1) steroids (cortisol, aldosterone, sex hormones)

2) eicosanoids (prostaglandin, leukotriens)

Question 11

Types of monamine hormones

Answer 11

1) catecholamines ( dopamine, noradrenaline, adrenaline)

2) thyroid hormone ( T3 and T4)

Question 12

What are steroid hormones made form ? And what is the pathway?

Answer 12

Cholesterol.

Cholosterol —> pregnenolone —> progesterone —> aldosterone, cortisol and (testosterone —> estrogen)

Question 13

What are eicosanoids made form?

Answer 13

Form arachidonic acid

Question 14

What are catecholamines made form?

Answer 14

From tyrosine

Question 15

What are thyroid made form?

Answer 15

From Tyrosine

Question 16

The four types of ways hormones reach their target

Answer 16

1) endocrine (via blood to distant target)
2) paracrine (via blood to Nearby target)
3) neuroendocrine (AP = stimulates nerve to sec hormone, moves via blood and stored in cell terminal of nerve cell)
4) autocrine (self stimulating, act on itself)

Question 17

Types of hormone receptors

Answer 17

1) cell surface receptors

2) intercellular receptors

Question 18

What kind of hormones bind to cell surface receptors ?

Answer 18

Proteins which bind protein hormones and to catecholamines

Question 19

What kind of hormones bind to cell intracellular receptors ?

Answer 19

Proteins which bind to steroid hormones, and to Thyroid hormones, t3 and T4

Question 20

Protein hormones are soluble where and not soluble where?

Answer 20

• soluble in aqueous environment

- insoluble in lipid environments

Question 21

Lipid hormones are soluble where and not soluble where?

Answer 21

• soluble in lipid environments

- insoluble in aqueous environments

Question 22

Why are surface receptors not inside the cell?

Answer 22

Because they are insoluble in lipid/fat env and cant pass through cell membrane = stay outside

Question 23

Why are intracellular receptors inside the cell and not outside

Answer 23

They are insoluble in aqueous env but soluble in lipid/fat env, so they can pass through the cell memb

Question 24

Types of cell surface receptors

Answer 24

1) G-protein receptor: G protein regulate second messenger
- (receptors for adrenaline and glucagon)

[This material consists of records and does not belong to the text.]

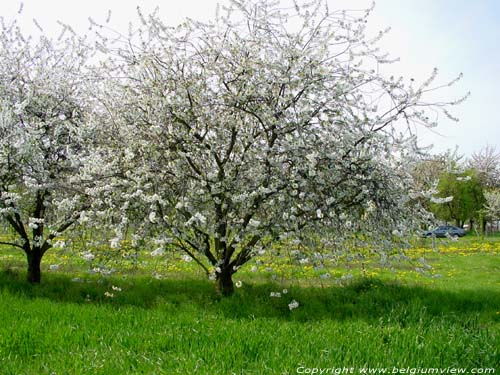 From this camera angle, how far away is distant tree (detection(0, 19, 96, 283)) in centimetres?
782

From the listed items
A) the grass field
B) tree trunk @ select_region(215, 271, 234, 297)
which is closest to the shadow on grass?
the grass field

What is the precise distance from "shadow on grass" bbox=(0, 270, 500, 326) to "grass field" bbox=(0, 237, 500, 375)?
23 mm

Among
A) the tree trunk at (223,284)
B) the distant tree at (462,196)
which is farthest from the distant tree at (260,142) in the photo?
the distant tree at (462,196)

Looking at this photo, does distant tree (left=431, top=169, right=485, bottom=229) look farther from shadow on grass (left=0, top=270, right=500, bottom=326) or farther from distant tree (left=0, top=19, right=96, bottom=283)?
distant tree (left=0, top=19, right=96, bottom=283)

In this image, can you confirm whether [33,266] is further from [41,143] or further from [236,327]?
[236,327]

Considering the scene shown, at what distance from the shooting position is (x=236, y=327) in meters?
5.85

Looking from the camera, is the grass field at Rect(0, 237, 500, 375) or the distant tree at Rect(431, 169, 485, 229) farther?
the distant tree at Rect(431, 169, 485, 229)

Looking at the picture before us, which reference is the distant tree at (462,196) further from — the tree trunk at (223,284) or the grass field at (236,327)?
the tree trunk at (223,284)

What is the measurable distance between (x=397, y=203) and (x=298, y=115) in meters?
2.18

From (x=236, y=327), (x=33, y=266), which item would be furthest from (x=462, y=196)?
(x=236, y=327)

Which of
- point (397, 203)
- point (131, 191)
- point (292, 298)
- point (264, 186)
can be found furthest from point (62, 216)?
point (397, 203)

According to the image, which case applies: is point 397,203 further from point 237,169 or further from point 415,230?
point 237,169

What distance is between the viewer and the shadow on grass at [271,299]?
7.16 metres

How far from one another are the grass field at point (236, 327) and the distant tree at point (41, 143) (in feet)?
4.35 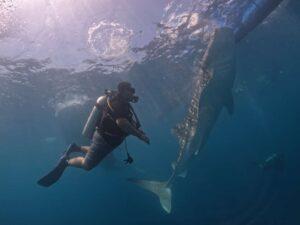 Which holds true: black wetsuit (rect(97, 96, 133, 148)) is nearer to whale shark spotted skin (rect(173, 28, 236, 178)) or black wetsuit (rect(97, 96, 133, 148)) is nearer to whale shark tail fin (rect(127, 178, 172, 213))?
whale shark tail fin (rect(127, 178, 172, 213))

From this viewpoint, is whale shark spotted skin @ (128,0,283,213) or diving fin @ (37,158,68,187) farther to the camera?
whale shark spotted skin @ (128,0,283,213)

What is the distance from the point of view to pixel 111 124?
26.6 ft

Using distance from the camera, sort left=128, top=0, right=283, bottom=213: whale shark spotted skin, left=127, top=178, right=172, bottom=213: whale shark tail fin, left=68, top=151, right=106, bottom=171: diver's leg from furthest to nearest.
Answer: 1. left=127, top=178, right=172, bottom=213: whale shark tail fin
2. left=128, top=0, right=283, bottom=213: whale shark spotted skin
3. left=68, top=151, right=106, bottom=171: diver's leg

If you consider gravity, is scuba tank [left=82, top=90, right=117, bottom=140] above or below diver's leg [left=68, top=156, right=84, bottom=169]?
above

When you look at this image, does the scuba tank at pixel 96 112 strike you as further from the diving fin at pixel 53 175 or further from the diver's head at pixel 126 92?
the diving fin at pixel 53 175

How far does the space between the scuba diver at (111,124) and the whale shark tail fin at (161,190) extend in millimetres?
6775

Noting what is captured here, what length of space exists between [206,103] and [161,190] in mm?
Result: 5145

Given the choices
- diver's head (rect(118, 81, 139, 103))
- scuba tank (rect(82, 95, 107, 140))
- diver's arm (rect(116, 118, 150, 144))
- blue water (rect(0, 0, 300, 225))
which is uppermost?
diver's head (rect(118, 81, 139, 103))

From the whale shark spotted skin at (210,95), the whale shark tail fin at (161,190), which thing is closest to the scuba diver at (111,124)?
the whale shark tail fin at (161,190)

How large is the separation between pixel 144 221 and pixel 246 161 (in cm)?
2222

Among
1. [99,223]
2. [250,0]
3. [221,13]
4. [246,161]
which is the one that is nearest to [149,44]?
[221,13]

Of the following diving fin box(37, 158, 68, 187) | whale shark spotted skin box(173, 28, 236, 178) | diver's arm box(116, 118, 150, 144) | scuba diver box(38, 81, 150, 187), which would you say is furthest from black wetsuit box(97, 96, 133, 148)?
whale shark spotted skin box(173, 28, 236, 178)

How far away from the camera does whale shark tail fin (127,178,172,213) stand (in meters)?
16.0

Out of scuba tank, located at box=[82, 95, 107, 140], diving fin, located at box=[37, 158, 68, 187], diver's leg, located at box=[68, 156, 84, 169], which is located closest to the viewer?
scuba tank, located at box=[82, 95, 107, 140] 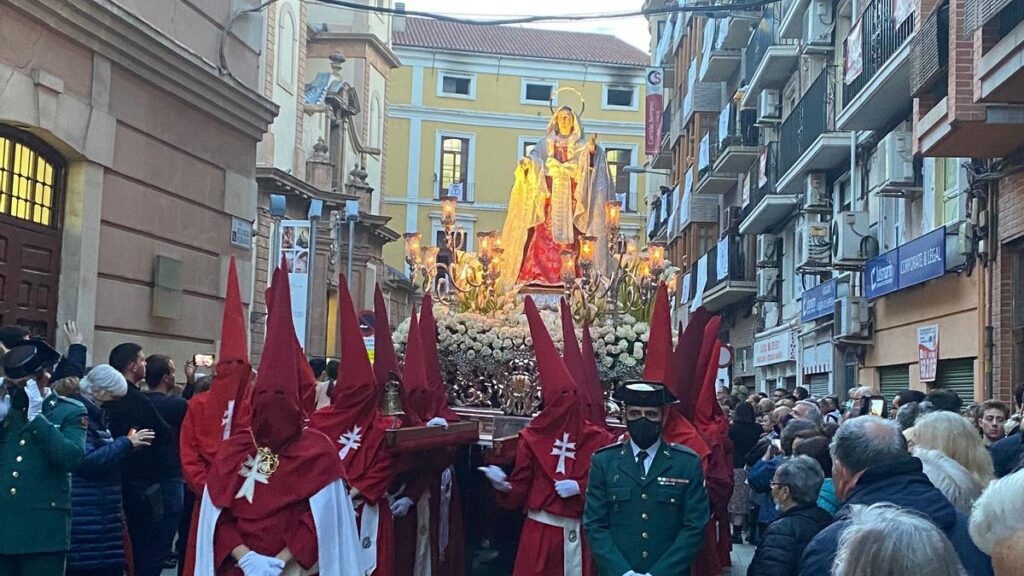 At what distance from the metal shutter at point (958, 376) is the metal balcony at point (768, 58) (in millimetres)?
9819

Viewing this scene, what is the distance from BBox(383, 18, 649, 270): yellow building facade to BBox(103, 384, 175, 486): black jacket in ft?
141

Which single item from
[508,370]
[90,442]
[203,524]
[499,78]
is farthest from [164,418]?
[499,78]

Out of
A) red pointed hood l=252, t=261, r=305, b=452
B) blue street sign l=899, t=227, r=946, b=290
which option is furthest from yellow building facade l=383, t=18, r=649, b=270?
red pointed hood l=252, t=261, r=305, b=452

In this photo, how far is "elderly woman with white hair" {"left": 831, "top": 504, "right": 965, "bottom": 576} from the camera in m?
3.48

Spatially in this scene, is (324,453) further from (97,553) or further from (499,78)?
(499,78)

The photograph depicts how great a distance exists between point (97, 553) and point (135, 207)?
587 cm

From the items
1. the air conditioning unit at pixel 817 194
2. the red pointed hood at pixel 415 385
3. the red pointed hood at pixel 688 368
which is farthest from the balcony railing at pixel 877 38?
the red pointed hood at pixel 415 385

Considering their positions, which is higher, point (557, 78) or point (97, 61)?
point (557, 78)

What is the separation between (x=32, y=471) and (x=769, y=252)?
925 inches

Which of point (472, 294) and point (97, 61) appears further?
point (472, 294)

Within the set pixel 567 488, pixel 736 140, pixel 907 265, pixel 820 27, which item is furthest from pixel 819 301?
pixel 567 488

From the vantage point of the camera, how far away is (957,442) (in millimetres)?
6172

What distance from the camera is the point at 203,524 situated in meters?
6.58

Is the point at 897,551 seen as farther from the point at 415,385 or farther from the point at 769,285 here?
the point at 769,285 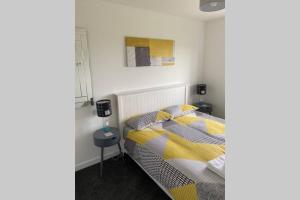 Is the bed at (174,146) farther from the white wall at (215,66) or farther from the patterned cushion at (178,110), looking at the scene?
the white wall at (215,66)

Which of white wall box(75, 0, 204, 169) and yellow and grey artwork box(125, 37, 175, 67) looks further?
yellow and grey artwork box(125, 37, 175, 67)

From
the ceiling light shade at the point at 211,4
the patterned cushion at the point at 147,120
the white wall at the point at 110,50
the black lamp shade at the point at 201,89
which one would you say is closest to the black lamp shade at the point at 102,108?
the white wall at the point at 110,50

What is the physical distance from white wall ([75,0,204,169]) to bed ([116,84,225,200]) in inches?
9.0

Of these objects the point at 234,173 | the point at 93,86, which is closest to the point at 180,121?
the point at 93,86

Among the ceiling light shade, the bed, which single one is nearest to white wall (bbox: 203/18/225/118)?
the bed

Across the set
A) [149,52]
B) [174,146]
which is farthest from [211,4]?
[174,146]

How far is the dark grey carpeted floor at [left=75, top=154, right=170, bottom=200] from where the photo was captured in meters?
1.91

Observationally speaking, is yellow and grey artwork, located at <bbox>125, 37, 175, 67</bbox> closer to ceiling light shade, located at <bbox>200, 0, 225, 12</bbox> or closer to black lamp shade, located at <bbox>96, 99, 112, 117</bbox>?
black lamp shade, located at <bbox>96, 99, 112, 117</bbox>

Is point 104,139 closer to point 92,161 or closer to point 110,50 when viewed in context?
point 92,161

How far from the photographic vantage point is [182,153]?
1.84 meters

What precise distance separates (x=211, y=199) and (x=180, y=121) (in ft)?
4.73

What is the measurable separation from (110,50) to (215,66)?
7.52 ft

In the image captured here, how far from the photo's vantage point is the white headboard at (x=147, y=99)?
254cm

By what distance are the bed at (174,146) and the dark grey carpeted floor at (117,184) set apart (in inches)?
6.4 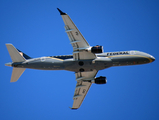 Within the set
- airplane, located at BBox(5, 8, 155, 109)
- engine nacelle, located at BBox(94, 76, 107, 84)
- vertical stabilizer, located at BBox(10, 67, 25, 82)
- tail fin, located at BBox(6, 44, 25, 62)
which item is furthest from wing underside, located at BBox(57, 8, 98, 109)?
vertical stabilizer, located at BBox(10, 67, 25, 82)

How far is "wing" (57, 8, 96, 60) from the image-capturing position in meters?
48.7

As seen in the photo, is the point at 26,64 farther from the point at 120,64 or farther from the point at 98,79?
the point at 120,64

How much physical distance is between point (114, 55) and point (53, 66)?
13.6m

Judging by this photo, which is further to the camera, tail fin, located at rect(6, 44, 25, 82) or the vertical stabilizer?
the vertical stabilizer

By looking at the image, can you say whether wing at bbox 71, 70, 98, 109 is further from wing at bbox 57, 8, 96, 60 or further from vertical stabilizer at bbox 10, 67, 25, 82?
vertical stabilizer at bbox 10, 67, 25, 82

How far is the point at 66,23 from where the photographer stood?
1923 inches

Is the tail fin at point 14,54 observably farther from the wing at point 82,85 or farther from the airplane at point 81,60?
the wing at point 82,85

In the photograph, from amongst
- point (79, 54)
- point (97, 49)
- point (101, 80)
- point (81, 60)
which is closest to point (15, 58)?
point (79, 54)

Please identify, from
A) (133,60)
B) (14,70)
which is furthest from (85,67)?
(14,70)

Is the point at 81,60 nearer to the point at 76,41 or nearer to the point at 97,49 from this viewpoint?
the point at 97,49

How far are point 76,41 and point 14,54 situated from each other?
14.9 meters

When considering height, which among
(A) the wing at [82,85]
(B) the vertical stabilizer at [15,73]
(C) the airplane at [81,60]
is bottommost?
(A) the wing at [82,85]

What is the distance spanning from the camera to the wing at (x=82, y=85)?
5798 cm

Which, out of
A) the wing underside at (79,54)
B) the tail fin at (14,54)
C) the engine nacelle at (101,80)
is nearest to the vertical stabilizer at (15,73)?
the tail fin at (14,54) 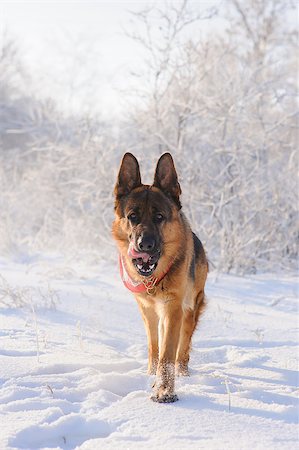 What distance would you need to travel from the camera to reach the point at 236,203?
10.1 m

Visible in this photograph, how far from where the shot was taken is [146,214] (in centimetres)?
361

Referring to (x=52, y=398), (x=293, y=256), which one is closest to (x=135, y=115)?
(x=293, y=256)

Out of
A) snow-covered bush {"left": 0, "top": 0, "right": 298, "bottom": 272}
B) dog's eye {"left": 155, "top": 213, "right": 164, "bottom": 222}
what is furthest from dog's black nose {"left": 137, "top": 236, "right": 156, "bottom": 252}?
snow-covered bush {"left": 0, "top": 0, "right": 298, "bottom": 272}

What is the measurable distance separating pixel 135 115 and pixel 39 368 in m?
7.53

2) Catalytic receptors: reactors have enzymatic activity (tyrosine kinase),or closely associated with enzyme after binding to ligand
- (receptors for insulin and GH)

Question 25

Role of second messenger

Answer 25

Hormone binds to surface receptor = change receptor conformation = G protein change conformation = inc/dec enzyme inside cell = produces second messenger (cAMP) = acts on protein kinase (PKA) = phophsorylation of protein = respond of target cell.

Question 26

Types of intracellular receptors (3X)

Answer 26

1) mainly in cytoplasm (receptors for steroid hormones)
2) mainly in nucleus (receptors for sex steroids)
3) bound to DNA in the nucleus (thyroid hormones, T3 and T4)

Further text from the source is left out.